We currently have six primary JavaScript packages:

  • react - this is a set of React components for each verb that you can include in web apps that enable tranformation pipeline building.
  • schema - this is a set of core types and associated JSONSchema definitions for formalizing our data package and resource models (including the definitions for table parsing, Codebooks, and Workflows).
  • tables - this is the primary set of utilities for loading and parsing data tables, using Arquero under the hood.
  • utilities - this is a set of helpers for working with files, etc., to ease building data wrangling applications.
  • webapp - this is the deployable DataShaper that includes all of the verb components and allows creation, execution, and saving of pipeline JSON files.
  • workflow - this is the primary engine for pipeline execution.

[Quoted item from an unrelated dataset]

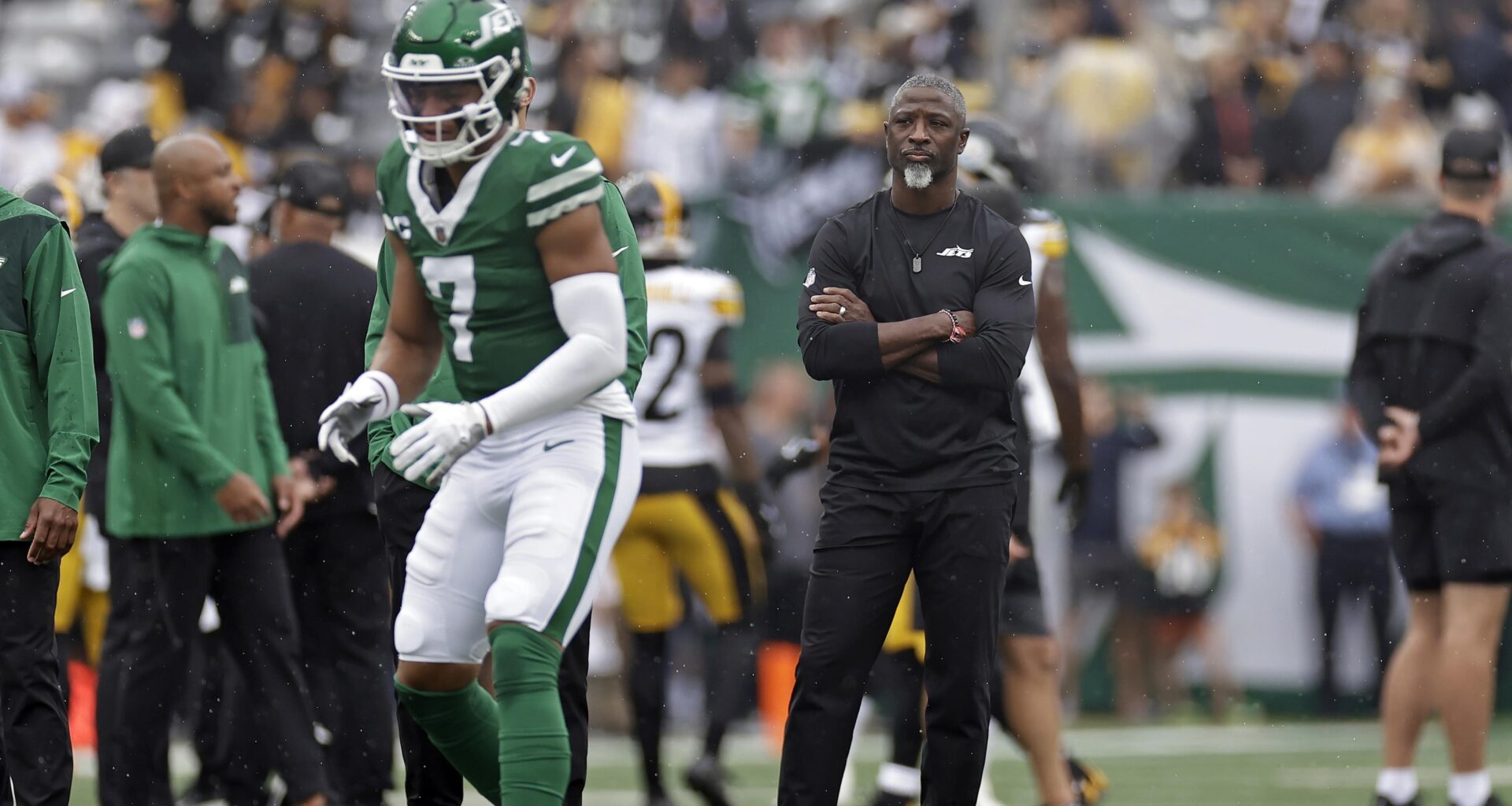 Aaron Glenn Takes Blame for Justin Fields' Struggles With Jets After QB Traded to Chiefs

It includes low-level operational primitives to execute a wide variety of relational algebra transformations over Arquero tables.

Building

  • You need node and yarn installed
  • Run: yarn
  • Then: yarn build
  • Run the webapp locally: yarn start

Contributing

This project welcomes contributions and suggestions. Most contributions require you to agree to a Contributor License Agreement (CLA) declaring that you have the right to, and actually do, grant us the rights to use your contribution. For details, visit https://cla.opensource.microsoft.com.

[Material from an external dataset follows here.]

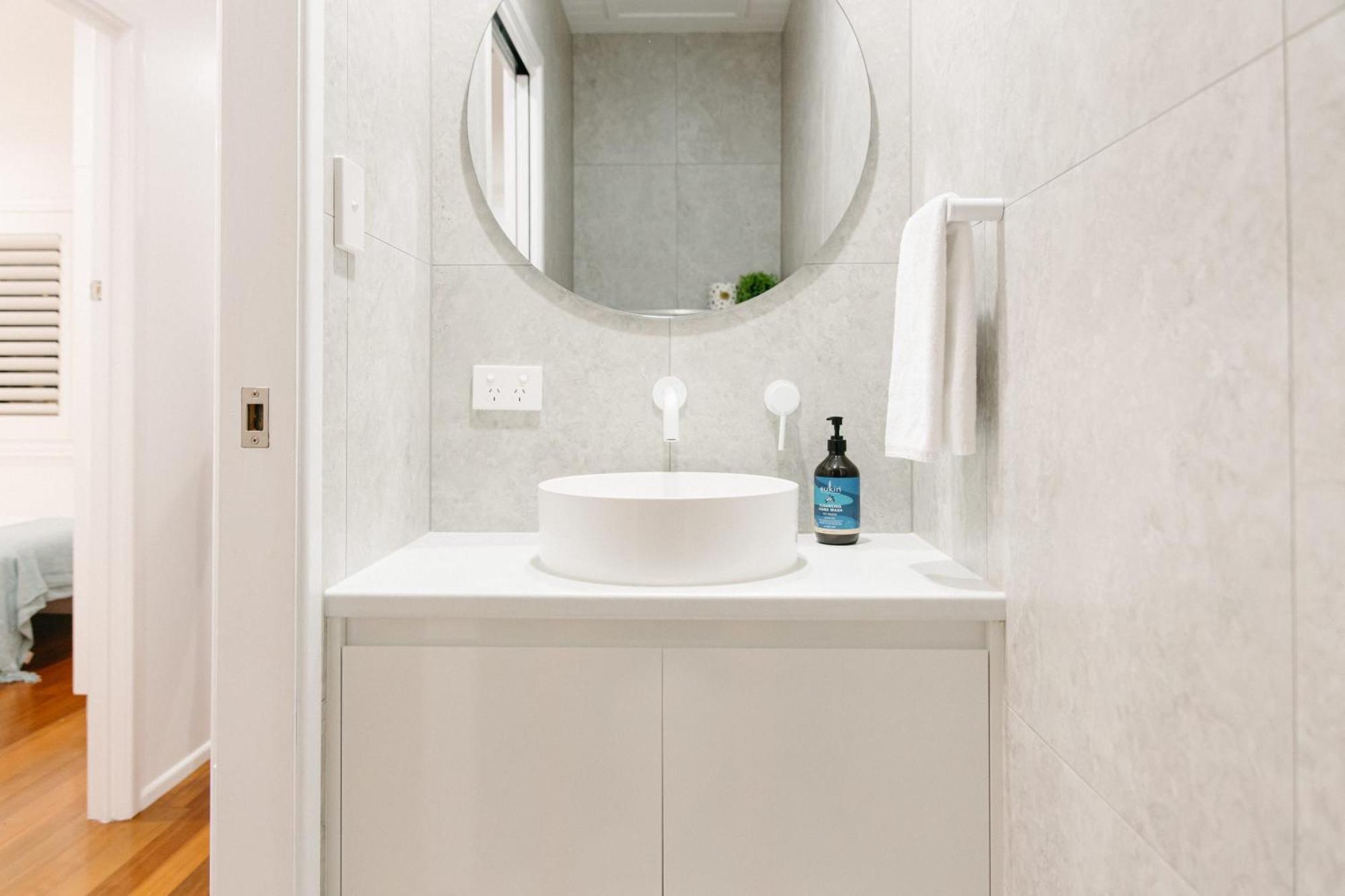 Moffat Coastal Contemporary Unit A Apartment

When you submit a pull request, a CLA bot will automatically determine whether you need to provide a CLA and decorate the PR appropriately (e.g., status check, comment). Simply follow the instructions provided by the bot. You will only need to do this once across all repos using our CLA.

This project has adopted the Microsoft Open Source Code of Conduct. For more information see the Code of Conduct FAQ or contact opencode@microsoft.com with any additional questions or comments.

Trademarks

This project may contain trademarks or logos for projects, products, or services. Authorized use of Microsoft trademarks or logos is subject to and must follow Microsoft's Trademark & Brand Guidelines. Use of Microsoft trademarks or logos in modified versions of this project must not cause confusion or imply Microsoft sponsorship. Any use of third-party trademarks or logos are subject to those third-party's policies.